Представьте себе врача, голова которого набита знаниями, врача, перерывшего все, что написано о медицине, знающего, от каких греческих слов происходит пятьсот-шестьсот болезней, поражающих несчастный род человеческий. Если это человек ограниченного ума, то я даже своего мизинца не доверю ему лечить; я предпочту ему смышленого неуча, ибо для того наука — незажженный фонарь. Есть пословица: «Наука учит только умного», и это особенно справедливо, когда вопрос касается медицины, науки, основанной на догадках. Здесь о причинах приходится догадываться по неопределенным и сбивчивым признакам. Пульс ничего не говорит человеку тупому; для человека же проницательного — это целое откровение. Две вещи необходимы для успеха врачевания, их не купишь и за деньги — это ум и проницательность.
— Ты забываешь, — со смехом сказал господин Менкси, — барабаны и цимбалы.
— Да, кстати, сказал Бенжамен, — по поводу вашего барабана, меня осенила блестящая мысль: у вас нет свободного места в оркестре?
— А для кого? — спросил господин Менкси.
— Для одного моего знакомого сержанта и его пуделя, — ответил Бенжамен.
— А на каких инструментах играют твои два протеже?
— Не знаю, — ответил Бенжамен, — по всей вероятности, на тех, какие вам будут угодны.
— Во всяком случае, пока мой капельмейстер не обучит их игре на каком-нибудь инструменте, я могу поручить твоему сержанту ходить за четверкой моих лошадей или толочь в ступе лекарственные травы.
В это время в столовую вбежал испуганный слуга и доложил дяде, что в конюшне человек двадцать женщин вырывают волосы из хвоста осла и, когда он попытался плетью разогнать их, то они чуть не растерзали его в клочья.
— Понимаю, в чем дело, — расхохотавшись, сказал дядя. — Эти женщины, желая иметь священные реликвии, вырывают у осла моей сестры волосы из хвоста.
Господин Менкси попросил объяснить ему, в чем дело.
Выслушав дядю, он воскликнул в восхищении:
— Господа, мы будем прямо нечестивцами, не обожествив Бенжамена!
— Протестую, — возразил Бенжамен, — я не желаю попадать в рай, где никого из вас не встречу.
— Смейтесь, смейтесь, господа, — сказала бабушка, нахохотавшись. — Мне вовсе не до шуток. Вот к чему всегда приводят выходки Бенжамена. Если мы не вернем господину Дюрену его осла в том виде, в каком мы его получили от него, то нам придется уплатить за животное всю его стоимость.
— Во всяком случае, — возразил дядя, — нас можно заставить уплатить только за его хвост.

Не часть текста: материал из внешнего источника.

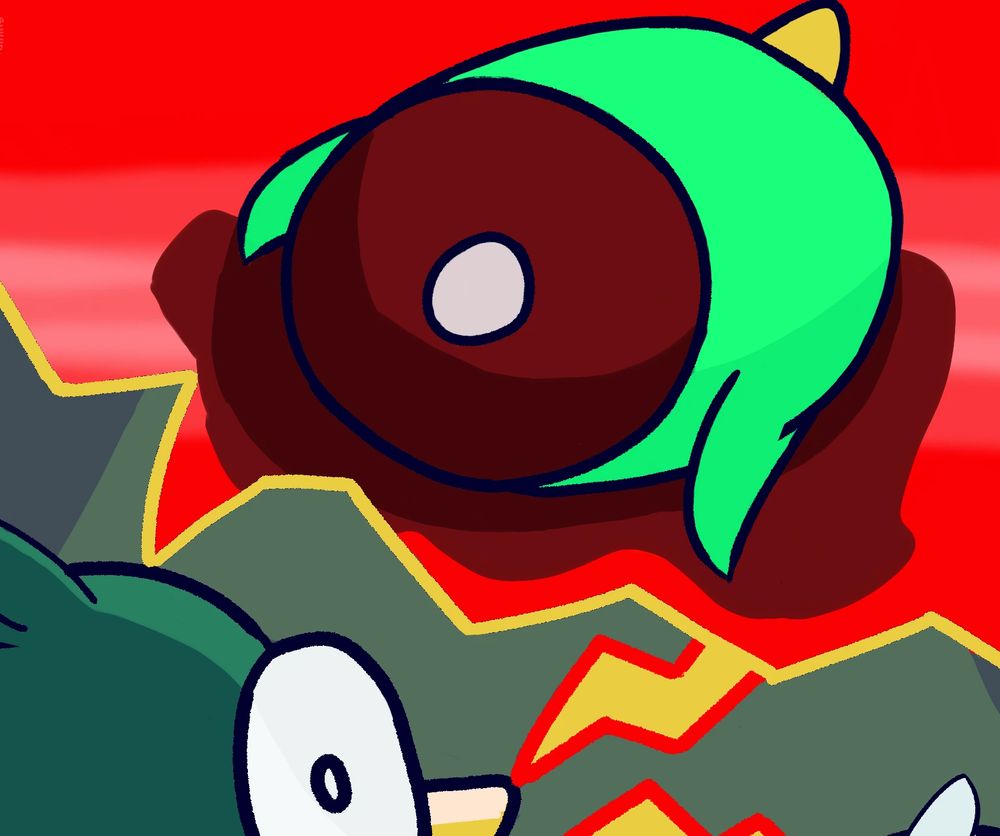 The top of a confused looking bird is visible on the bottom left of the drawing. It is talking to another creature off screen, and in its frantic speech bubble is pictured an oblong creature of green dark red against a bright red background.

Тем временем двор господина Менкси стал наполняться женщинами, стоившими благоговейно, как в переполненной часовне; многие становились на колени.
— Вы должны нас избавить от этой толпы, — сказал господин Менкси Бенжамену.
— Ничего не может быть легче, — ответил тот и, подойдя к окну, обратился к толпе, сказал, что задержится у господина Менкси на два дня и завтра они будут присутствовать на воскресной обедне. Успокоенная толпа разошлась.
— Такие прихожане не делают мне чести, — заметил кюре. — Придется в воскресной проповеди устроить им головомойку. Как можно быть настолько ограниченными, чтоб грязный ослиный хвост принимать за священную реликвию.
— Но, господин кюре, — сказал Бенжамен, — вы, рассуждающий так здраво за столом, разве не держите вы у себя в церкви под стеклом две-три белых, как бумага, кости, называя их мощами св. Маврикия?
Было уже далеко за полночь. Бабушка, встревожившись тем оборотом, какой принял разговор, объявила, что пора домой, и встала.
— Я отпущу Бенжамена только с одним условием: что в воскресенье он примет участие в охоте, которую я устраиваю в его честь, надо же, чтобы он познакомился со своими лесами и зайцами, — сказал господин Менкси.